In order to run the application, the following service accounts, and their respective roles are configured:

  1. [email protected] — a special Chat API service account used by the Chat to publish messages to the Pub/Sub topic.

    The Pub/Sub Publisher role must be assigned to the service account in order to grant the Chat permission to publish user messages to the defined topic.

  2. spine-chat-bot-actor@<projectName>.iam.gserviceaccount.com — a custom service account that is used as the credentials for the Chat API.

    The Hangouts Chat API works only with dedicated service account keys and could not be used with default credentials. The API itself does not require any specific AIM role, but during the authentication the chat.bot scope should be set.

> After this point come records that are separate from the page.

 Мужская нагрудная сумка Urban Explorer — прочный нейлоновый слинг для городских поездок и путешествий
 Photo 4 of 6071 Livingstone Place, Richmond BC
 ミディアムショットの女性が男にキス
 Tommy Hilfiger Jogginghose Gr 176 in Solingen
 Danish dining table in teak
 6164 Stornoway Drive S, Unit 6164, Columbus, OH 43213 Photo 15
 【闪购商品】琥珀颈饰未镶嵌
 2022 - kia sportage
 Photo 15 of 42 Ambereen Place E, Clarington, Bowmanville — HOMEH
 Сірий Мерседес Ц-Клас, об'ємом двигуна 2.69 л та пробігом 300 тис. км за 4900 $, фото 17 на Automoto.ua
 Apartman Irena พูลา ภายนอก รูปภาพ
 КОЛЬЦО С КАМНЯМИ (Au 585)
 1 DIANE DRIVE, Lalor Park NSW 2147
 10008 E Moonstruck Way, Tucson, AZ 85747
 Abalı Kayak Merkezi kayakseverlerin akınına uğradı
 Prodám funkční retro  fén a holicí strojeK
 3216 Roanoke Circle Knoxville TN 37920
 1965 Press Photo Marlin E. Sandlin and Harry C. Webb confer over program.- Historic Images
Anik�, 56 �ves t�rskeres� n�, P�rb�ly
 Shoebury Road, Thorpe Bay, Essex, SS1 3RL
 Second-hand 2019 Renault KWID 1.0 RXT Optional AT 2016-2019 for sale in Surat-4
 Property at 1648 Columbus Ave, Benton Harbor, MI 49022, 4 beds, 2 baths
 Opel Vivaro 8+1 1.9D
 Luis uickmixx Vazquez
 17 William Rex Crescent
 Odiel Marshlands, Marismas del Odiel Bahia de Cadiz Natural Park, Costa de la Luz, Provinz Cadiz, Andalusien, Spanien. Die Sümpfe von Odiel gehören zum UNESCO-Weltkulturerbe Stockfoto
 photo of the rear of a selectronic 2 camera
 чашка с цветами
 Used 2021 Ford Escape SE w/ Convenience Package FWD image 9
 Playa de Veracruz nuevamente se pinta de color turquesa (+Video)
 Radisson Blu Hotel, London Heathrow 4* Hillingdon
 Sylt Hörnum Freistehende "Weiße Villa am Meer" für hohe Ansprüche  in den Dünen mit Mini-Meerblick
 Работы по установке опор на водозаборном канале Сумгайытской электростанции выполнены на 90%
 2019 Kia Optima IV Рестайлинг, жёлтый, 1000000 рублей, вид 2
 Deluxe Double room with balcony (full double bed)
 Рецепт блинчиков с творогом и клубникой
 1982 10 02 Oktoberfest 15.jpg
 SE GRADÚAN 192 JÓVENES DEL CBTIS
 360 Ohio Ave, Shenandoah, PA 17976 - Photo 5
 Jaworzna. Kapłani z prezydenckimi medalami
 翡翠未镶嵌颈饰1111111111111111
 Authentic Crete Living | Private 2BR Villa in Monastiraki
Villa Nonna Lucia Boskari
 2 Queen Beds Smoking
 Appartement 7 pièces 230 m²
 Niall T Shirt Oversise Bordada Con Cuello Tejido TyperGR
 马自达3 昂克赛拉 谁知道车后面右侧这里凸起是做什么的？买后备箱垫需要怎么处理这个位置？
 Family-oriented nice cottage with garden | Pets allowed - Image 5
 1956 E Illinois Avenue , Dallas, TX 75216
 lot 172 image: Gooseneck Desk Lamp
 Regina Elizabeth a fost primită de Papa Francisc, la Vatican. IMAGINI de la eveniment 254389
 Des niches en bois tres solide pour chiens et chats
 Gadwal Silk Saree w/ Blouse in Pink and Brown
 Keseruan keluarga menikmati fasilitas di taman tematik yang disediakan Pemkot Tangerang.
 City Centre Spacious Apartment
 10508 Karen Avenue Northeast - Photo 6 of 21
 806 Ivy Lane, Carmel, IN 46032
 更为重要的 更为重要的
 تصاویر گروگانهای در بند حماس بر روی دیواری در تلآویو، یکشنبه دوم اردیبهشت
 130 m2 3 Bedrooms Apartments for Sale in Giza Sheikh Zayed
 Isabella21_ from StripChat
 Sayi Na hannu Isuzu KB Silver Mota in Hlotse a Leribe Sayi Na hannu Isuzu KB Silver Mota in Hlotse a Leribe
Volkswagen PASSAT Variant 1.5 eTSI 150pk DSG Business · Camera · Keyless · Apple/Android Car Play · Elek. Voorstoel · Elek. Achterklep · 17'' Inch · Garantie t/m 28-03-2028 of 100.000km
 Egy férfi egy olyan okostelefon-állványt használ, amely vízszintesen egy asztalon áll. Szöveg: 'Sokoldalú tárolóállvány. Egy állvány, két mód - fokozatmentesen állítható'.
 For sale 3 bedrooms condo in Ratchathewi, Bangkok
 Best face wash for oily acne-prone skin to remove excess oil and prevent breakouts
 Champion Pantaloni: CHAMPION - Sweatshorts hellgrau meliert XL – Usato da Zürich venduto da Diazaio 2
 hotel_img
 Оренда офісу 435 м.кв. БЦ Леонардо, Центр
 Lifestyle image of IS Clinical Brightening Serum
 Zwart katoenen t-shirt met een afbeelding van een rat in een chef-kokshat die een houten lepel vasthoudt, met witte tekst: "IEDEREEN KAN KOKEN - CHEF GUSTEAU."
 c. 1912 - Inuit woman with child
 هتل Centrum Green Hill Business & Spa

  3. <projectId>[email protected] — default service account used by Cloud Run.

    It is not required to set a custom service account for the Cloud Run, but in order to use the Secret Manager API the service account should have the Secret Manager Viewer role applied.

  4. <projectId>@cloudbuild.gserviceaccount.comCloud Build service account used by the Cloud Build service to build and deploy the application.

    The Cloud Build service account is configured to act as a Service Account User and should have the Cloud Run Admin role in order to be able to deploy the application.

  5. cloud-run-pubsub-invoker@<projectName>.iam.gserviceaccount.com — a custom service account used to call the Cloud Run service from the Pub/Sub subscriptions.

    The Cloud Run is not accepting unauthenticated calls by default and is not exposed to the internet. In order to be able to call the service, the caller
    must have the Cloud Run Invoker role.